Task =>
Starting with the line that has "Sprinkles Love Letter" and finishing with the line that has "Land Rover Range", set down each line below exactly. Pictures are not copied.

Records =>
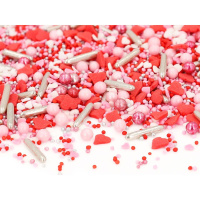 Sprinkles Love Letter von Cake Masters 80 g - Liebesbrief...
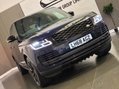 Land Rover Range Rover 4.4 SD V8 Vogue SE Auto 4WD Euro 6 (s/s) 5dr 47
--
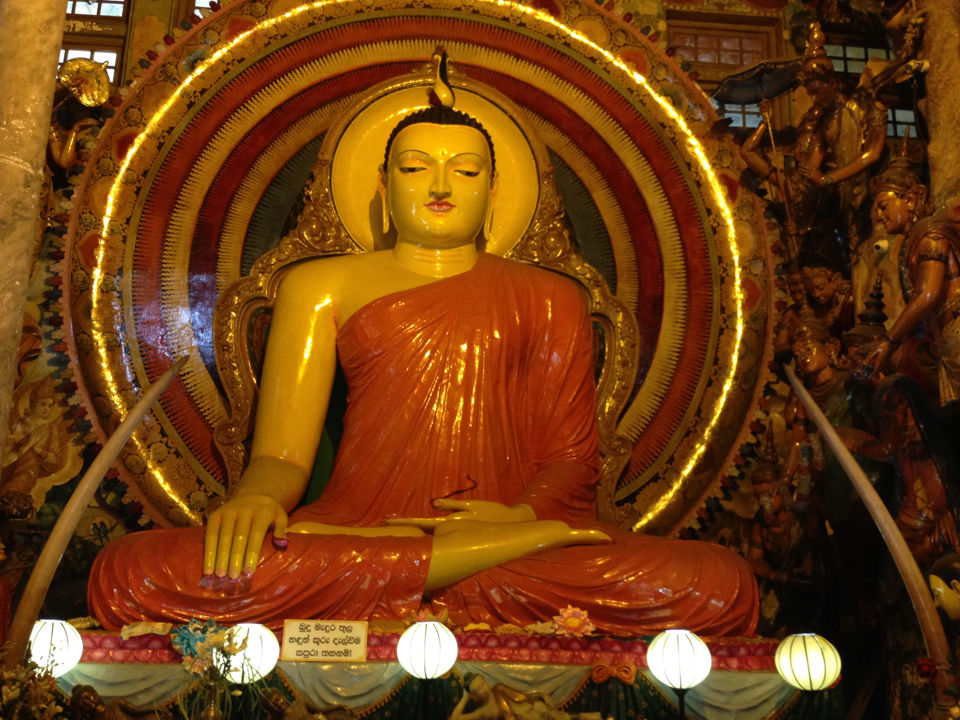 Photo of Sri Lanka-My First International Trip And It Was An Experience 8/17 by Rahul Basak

Result =>
 Sprinkles Love Letter von Cake Masters 80 g - Liebesbrief...
 Land Rover Range Rover 4.4 SD V8 Vogue SE Auto 4WD Euro 6 (s/s) 5dr 47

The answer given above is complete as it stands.